Elle me semblait par contre s’inscrire dans le droit-fil de l’impérissable dogme de notre Président : « travailler plus pour gagner plus », avec toutefois une légère imperfection : au mieux, tout en permettant au salarié restant chez lui de travailler éventuellement plus que son état de santé ne l’autorisait, elle lui aurait tout au plus assuré de gagner autant. Et la réduction des charges de la Sécurité sociale n’aurait guère eu d’effet sur le déficit du budget du fait de l’exonération de cotisations sociales accordée aux entreprises.
Elle contrevenait également à la devise de notre République, en instaurant une inégalité de traitement entre différentes catégories de salariés. En effet, si certains peuvent accomplir leur travail depuis leur domicile, tous ceux qui doivent utiliser des équipements n’existant que sur leur lieu de travail, et généralement parmi les plus modestes, se seraient vus privés du bénéfice de cette généreuse initiative.

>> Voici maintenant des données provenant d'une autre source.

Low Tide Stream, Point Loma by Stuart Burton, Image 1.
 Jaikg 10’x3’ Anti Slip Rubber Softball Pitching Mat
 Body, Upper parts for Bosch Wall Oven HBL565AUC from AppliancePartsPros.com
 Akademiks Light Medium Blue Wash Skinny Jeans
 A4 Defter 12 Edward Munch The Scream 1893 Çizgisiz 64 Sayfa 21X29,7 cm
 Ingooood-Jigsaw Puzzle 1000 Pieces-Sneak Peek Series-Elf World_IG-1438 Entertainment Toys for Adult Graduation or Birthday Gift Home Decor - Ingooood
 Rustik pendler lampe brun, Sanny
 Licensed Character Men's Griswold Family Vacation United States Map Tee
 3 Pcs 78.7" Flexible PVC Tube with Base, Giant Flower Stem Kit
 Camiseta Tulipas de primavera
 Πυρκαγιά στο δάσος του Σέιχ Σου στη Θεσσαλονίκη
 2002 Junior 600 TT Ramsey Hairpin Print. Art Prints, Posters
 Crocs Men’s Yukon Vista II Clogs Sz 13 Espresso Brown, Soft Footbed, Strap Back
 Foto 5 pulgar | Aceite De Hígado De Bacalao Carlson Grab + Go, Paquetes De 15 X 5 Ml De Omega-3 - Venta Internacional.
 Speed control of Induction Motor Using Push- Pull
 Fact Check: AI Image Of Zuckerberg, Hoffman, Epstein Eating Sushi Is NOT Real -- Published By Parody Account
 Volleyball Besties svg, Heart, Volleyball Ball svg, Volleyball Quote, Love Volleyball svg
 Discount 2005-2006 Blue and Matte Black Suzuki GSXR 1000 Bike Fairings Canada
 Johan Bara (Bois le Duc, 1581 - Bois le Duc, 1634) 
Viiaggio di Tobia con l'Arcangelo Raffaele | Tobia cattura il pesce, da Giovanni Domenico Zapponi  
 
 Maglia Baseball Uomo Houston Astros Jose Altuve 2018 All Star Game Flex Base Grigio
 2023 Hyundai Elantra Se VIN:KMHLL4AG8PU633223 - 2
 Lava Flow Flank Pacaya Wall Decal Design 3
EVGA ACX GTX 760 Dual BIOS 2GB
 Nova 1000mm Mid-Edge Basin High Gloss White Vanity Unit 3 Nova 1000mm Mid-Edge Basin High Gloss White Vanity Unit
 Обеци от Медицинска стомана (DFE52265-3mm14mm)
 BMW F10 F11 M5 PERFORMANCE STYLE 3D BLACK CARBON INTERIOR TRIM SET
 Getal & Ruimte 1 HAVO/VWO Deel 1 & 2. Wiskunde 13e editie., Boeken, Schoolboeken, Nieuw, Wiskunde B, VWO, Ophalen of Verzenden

Le dernier point critiquable, concernant d’ailleurs non seulement cette disposition mais également de nombreux autres articles du droit du travail, est la référence faite à la volonté du travailleur. Il est un fait qui, s’il peut être regretté, ne peut être nié : dans l’état actuel de notre législation, il existe entre le salarié et son employeur un rapport de sujétion qui interdit la notion même de volontariat de la part du salarié. Je me propose de développer cet aspect dans un prochain billet.